Source data
• • • •
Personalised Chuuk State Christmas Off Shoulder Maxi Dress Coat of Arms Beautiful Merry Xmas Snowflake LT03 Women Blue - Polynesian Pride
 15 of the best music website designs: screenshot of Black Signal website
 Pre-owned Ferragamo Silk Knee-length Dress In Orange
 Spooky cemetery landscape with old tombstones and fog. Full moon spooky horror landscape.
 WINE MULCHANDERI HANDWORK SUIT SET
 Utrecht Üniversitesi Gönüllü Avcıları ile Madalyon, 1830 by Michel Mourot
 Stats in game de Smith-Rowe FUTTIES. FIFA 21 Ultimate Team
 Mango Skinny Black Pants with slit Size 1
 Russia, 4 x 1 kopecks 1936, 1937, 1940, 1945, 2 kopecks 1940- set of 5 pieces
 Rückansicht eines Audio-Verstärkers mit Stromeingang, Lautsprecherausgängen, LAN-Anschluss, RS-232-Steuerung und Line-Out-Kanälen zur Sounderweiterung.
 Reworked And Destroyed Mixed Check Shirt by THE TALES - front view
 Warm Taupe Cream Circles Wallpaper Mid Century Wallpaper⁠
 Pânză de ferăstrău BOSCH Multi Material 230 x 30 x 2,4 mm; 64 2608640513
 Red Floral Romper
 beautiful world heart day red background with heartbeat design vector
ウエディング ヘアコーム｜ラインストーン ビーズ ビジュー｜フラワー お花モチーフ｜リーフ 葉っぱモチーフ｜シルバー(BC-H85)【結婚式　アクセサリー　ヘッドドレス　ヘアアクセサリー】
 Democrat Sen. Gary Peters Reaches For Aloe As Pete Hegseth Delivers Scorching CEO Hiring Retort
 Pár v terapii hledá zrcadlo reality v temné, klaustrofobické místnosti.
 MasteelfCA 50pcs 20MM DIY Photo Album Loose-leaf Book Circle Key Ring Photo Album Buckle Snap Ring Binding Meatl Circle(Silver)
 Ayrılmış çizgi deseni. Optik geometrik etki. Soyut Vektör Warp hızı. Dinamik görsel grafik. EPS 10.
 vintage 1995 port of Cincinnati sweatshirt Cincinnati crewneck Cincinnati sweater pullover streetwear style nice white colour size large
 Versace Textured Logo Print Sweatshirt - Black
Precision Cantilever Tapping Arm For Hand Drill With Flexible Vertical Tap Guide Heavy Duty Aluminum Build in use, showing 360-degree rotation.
• • • •
An exact copy of the data is needed, running from its first line through the line that holds "Pre-owned Ferragamo Silk", and nothing beyond that.

### TASK RESPONSE
Personalised Chuuk State Christmas Off Shoulder Maxi Dress Coat of Arms Beautiful Merry Xmas Snowflake LT03 Women Blue - Polynesian Pride
 15 of the best music website designs: screenshot of Black Signal website
 Pre-owned Ferragamo Silk Knee-length Dress In Orange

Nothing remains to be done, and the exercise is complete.